A local design expert has claimed people can break the “vicious climate change circle” by designing their homes for comfort, and not to impress their neighbours and friends.
Best Practice Constructions director Noretta Terry said that poorly designed homes are ill-equipped to deal with summer heat, which in turn leads to soaring energy bills and global warming, and a study coming out of the University of South Australia agrees.
“People seem to be more interested in the appearance of their house than their own comfort, or how the house can work for them,” Ms Terry said.
“Your house is the single biggest investment most people make, and the time will soon come when houses have to have an energy rating to be sold.”
Ms Terry said that councils can lay the platform for change by only allowing new subdivisions and blocks to have longer east to west aspects to compliment good building design.
“Longer east to west blocks allows for a greater northern facing side for winter sun, as well as the ability to avoid the hotter western sun in summer,” she said.
“People have to make the climate work for them – having corresponding windows for ventilation, insulation and double or triple glazed windows will all make a huge difference.

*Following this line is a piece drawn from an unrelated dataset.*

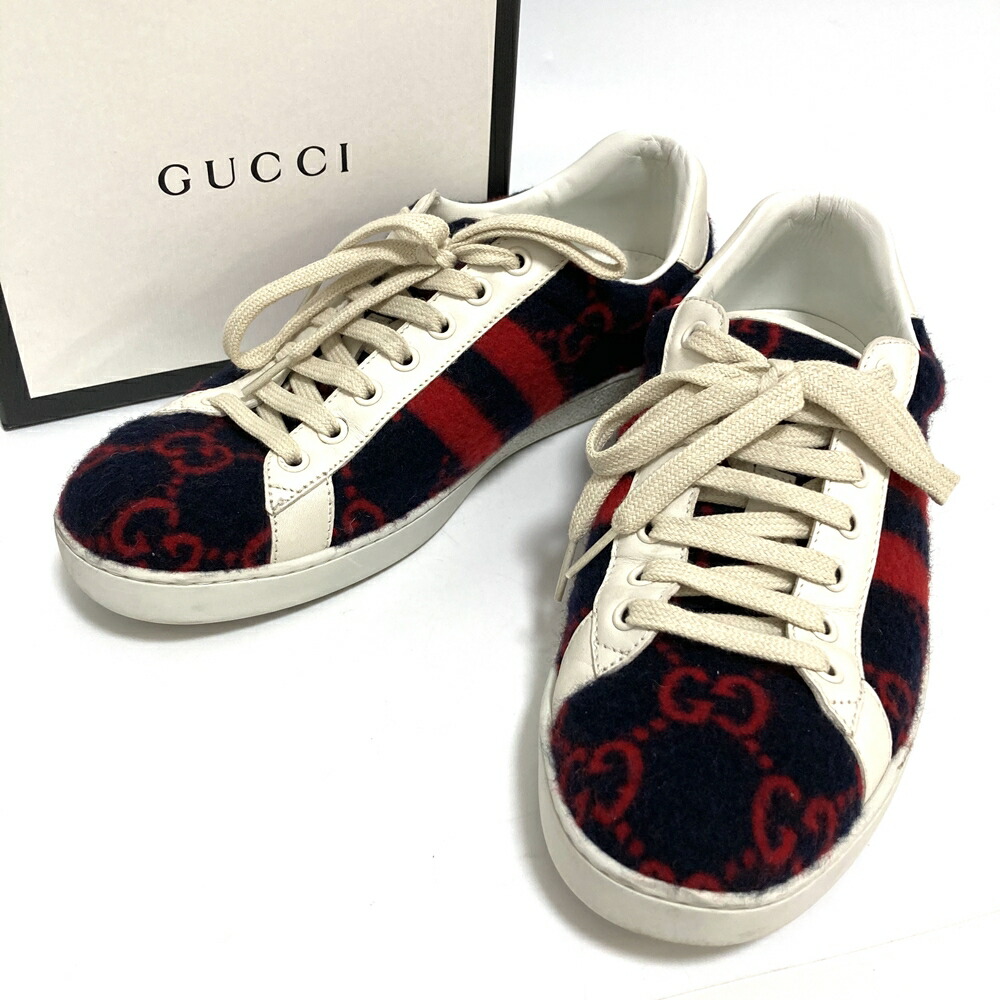 【楽天市場】グッチ 【GUCCI】メンズ ローカットスニーカー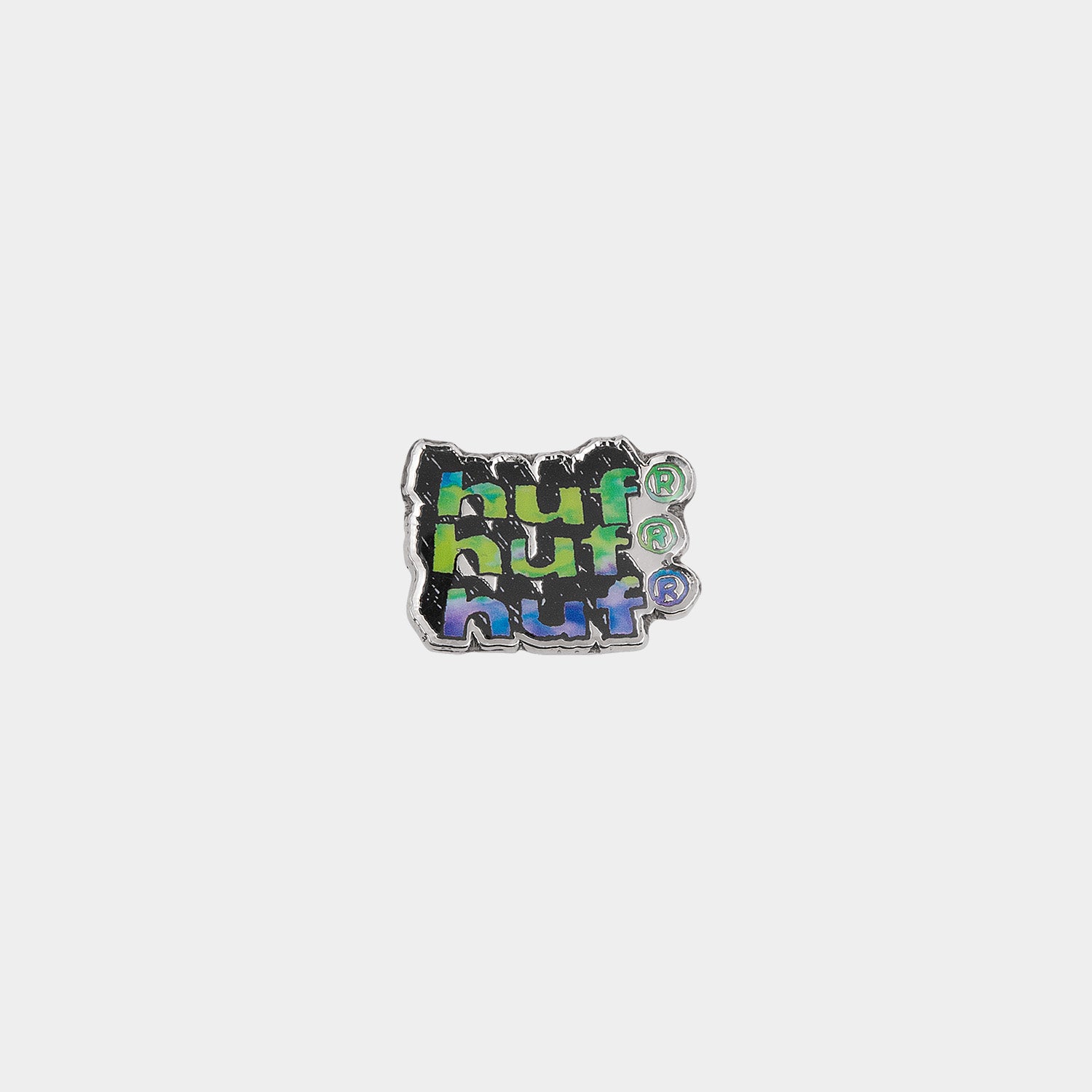 HUF (ハフ) Worldwide JP /OTHERS(その他アクセサリー)/ HAND STACKED PINS商品 / MULTI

“All houses can handle a few hot nights and days, but when you get a long string like we have just had the house heats up and takes a lot of cooling down – that means air-conditioners pump more carbons into the atmosphere which adds to the changing climate.”
Meanwhile a study conducted by UniSA Professor of Environmental Mathematics John Boland is calling for legislative changes to the building code to put a halt to the environmental damage caused by poorly designed dwellings.
“What’s needed are brand new building codes which make things like wall insulation, double glazing and restrictions on window placement mandatory,” he said.
“Alternative energy sources like solar are great, but nothing beats a good design.
“We should be designing homes which use the least amount of energy rather than desperately searching for options which allow us to use more energy for less money.”
All new houses in Australia must be designed to comply with a six star rating based on a points system, however Prof Boland said the points system is fatally flawed, and doesn’t allow for climate change.
“Since the star rating is done on total energy use over the year, a design can be highly rated based on energy use in winter, but can still cause a lot of heat stress in summer,” he said.